[[ SUPPLIED MATERIAL open ]]
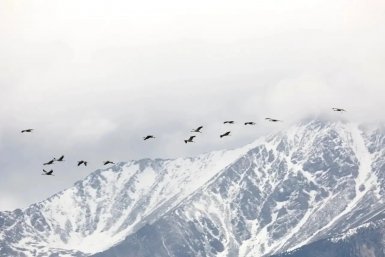 Тункинский нацпарк в Бурятии отмечает 35-летие ПроЗаповедник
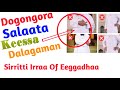 Dogongora Salaata Keessa Raawwataman | Arkaana Salaataa | Shuruuxa Salaataa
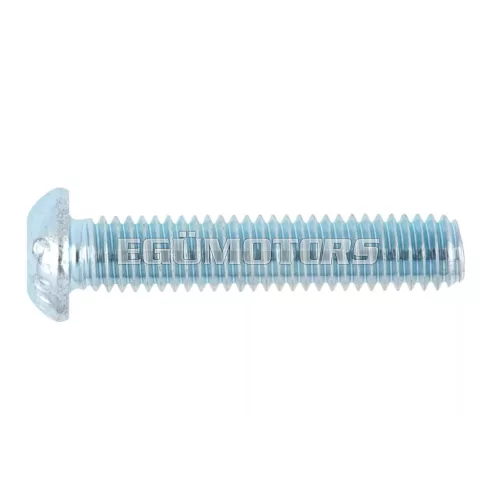 Screw (hex socket) M8x10 round head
[[ SUPPLIED MATERIAL closed ]]
* _TASK REQUIREMENTS_
I would like the data above transcribed exactly, with its pictures left out.

* _ANSWER TO THIS EXERCISE_
 Тункинский нацпарк в Бурятии отмечает 35-летие ПроЗаповедник
 Dogongora Salaata Keessa Raawwataman | Arkaana Salaataa | Shuruuxa Salaataa
 Screw (hex socket) M8x10 round head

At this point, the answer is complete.